Quienes no parecen haberse enterado del cambio y siguen ateniéndose respetuosamente a las reglas y a la Constitución como si estas no hubieran sido alteradas, muestran una actitud sin duda encomiable. Sin embargo, envían a sus conciudadanos una imagen distorsionada de normalidad, y terminan por asimilar los hechos consumados impuestos por la otra parte, aceptando el nuevo escenario, mientras siguen el juego pensando que así al menos tendrán cierto margen de participación y podrán proponer algunas limitadas reformas. Pero no se debe de olvidar que hay también quienes, sin importarles en el fondo las normas, apoyan la deriva procurada pensando que les ha de beneficiar o que su visión del mundo triunfará.

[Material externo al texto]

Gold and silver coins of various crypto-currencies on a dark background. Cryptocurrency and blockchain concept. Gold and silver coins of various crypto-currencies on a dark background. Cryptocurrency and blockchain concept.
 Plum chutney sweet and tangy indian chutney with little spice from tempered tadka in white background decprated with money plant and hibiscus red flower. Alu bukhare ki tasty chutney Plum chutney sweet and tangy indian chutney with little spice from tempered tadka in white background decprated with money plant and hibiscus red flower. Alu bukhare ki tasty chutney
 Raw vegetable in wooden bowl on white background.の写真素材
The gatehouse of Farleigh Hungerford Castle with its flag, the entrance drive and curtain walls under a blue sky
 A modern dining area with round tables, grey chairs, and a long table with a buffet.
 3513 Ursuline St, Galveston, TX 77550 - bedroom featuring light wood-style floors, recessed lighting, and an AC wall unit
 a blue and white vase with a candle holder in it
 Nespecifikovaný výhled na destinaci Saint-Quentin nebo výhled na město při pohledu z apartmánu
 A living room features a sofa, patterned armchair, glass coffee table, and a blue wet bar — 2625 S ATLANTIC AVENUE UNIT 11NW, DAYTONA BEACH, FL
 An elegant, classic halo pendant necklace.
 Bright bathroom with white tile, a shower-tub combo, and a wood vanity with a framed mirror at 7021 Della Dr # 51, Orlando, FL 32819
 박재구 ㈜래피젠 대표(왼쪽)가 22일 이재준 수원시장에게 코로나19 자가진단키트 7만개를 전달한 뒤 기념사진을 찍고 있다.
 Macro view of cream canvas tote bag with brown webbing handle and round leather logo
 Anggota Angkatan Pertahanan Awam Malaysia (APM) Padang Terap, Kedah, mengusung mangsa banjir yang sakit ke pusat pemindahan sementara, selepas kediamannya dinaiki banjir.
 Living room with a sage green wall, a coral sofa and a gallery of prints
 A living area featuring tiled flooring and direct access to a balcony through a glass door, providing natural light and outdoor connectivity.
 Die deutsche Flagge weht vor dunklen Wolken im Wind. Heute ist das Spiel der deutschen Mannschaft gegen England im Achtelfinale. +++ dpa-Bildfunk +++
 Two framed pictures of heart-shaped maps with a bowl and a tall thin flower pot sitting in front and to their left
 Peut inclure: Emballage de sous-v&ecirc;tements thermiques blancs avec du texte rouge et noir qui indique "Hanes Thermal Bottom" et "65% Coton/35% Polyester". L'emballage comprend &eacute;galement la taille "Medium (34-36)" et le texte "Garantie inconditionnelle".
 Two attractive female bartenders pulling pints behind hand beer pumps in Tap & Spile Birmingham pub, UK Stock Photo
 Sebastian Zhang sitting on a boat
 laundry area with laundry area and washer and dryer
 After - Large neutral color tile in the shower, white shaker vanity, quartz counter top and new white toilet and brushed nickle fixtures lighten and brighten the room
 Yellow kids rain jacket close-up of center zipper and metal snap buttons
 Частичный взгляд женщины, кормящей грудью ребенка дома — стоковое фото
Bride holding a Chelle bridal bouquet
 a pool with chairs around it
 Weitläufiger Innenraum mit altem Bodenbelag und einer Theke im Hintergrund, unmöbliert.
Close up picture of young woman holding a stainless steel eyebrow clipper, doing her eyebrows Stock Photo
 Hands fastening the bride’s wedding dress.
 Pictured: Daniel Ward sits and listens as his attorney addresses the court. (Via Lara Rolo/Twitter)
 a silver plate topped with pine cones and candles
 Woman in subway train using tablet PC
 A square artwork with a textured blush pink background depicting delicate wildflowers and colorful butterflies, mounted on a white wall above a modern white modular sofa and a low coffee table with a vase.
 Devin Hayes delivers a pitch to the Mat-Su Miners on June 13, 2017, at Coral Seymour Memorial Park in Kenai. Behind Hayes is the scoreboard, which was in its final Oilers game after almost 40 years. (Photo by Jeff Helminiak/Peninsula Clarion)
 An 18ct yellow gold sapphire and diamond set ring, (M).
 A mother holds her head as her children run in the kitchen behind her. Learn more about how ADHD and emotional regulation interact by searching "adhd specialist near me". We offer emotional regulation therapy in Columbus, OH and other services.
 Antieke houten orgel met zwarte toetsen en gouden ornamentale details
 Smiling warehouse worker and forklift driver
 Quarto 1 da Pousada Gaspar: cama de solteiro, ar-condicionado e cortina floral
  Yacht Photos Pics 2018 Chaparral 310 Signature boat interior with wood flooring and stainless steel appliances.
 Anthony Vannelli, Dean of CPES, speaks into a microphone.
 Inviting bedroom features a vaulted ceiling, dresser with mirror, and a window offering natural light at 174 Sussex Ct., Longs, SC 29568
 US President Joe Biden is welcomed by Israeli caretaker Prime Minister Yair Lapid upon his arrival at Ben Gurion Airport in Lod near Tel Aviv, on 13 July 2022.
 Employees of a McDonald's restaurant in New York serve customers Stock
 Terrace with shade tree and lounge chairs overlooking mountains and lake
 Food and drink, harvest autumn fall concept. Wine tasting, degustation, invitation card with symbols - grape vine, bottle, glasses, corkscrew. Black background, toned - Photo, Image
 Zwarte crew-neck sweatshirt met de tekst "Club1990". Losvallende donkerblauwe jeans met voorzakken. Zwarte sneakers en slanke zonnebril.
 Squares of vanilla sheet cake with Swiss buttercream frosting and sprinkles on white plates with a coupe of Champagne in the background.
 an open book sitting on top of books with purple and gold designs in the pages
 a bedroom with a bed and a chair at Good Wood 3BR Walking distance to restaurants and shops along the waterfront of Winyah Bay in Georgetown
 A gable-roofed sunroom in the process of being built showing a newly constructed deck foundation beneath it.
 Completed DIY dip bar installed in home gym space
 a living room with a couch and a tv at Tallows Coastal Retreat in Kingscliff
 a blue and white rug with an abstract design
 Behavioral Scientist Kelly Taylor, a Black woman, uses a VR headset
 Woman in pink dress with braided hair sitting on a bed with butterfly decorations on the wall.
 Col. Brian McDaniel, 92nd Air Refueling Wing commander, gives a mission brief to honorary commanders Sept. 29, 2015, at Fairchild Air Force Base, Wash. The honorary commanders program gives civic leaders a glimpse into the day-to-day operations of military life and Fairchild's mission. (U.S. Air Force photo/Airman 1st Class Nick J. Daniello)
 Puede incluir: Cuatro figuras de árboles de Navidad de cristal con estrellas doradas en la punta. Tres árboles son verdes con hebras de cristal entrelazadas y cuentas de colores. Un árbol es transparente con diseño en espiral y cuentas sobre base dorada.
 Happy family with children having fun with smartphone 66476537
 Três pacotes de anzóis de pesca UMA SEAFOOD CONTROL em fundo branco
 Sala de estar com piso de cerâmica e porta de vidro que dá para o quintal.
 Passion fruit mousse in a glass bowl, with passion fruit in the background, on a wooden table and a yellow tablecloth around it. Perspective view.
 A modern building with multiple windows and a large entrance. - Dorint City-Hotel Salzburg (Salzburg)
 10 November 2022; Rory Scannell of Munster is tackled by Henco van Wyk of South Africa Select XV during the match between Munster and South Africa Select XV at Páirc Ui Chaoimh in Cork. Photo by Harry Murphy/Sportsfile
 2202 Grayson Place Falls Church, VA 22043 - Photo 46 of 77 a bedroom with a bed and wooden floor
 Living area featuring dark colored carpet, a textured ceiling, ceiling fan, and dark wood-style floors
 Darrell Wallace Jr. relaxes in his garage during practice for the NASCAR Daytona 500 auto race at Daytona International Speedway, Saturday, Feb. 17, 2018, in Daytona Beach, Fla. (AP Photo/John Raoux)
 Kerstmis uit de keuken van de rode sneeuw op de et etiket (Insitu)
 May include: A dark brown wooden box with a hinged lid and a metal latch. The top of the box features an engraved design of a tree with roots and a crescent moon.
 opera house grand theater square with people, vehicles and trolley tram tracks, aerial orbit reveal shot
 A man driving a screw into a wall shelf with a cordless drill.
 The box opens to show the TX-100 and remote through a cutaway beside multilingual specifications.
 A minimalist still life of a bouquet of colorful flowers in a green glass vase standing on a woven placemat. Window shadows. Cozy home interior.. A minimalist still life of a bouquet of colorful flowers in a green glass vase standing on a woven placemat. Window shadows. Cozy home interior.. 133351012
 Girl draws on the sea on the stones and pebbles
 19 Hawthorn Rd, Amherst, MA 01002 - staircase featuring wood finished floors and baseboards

Para los que creen en las bondades del sistema, el problema no será tanto reconocer el empeoramiento de la situación y darle vueltas a las distintas combinaciones de coalición posible; sino saber qué hacer cuando la democracia, con sus reglas de juego alteradas, es incapaz de parar el proceso de deterioro iniciado y se contempla el abismo a qué aboca. ¿Se debe esperar a que el sistema genere por sí mismo el antídoto necesario? ¿Cuántos casos conocemos de llegada de tiranías y dictaduras al poder por vía democrática, tras alteración grave pero sibilina de las normas, sin que el sistema por sí mismo sea capaz de responder con eficacia a la deriva? El escenario resultante puede consolidarse luego, sin que nadie sea capaz de moverlo. Es más, mientras los inductores de la alteración obedezcan para lavar su imagen a las grandes directrices marcadas por los poderes globalizadores, tendrán probablemente asegurado el mutismo internacional o, en todo caso, que las quejas y reprobaciones no pasen de ser un leve susurro. Problemática salida.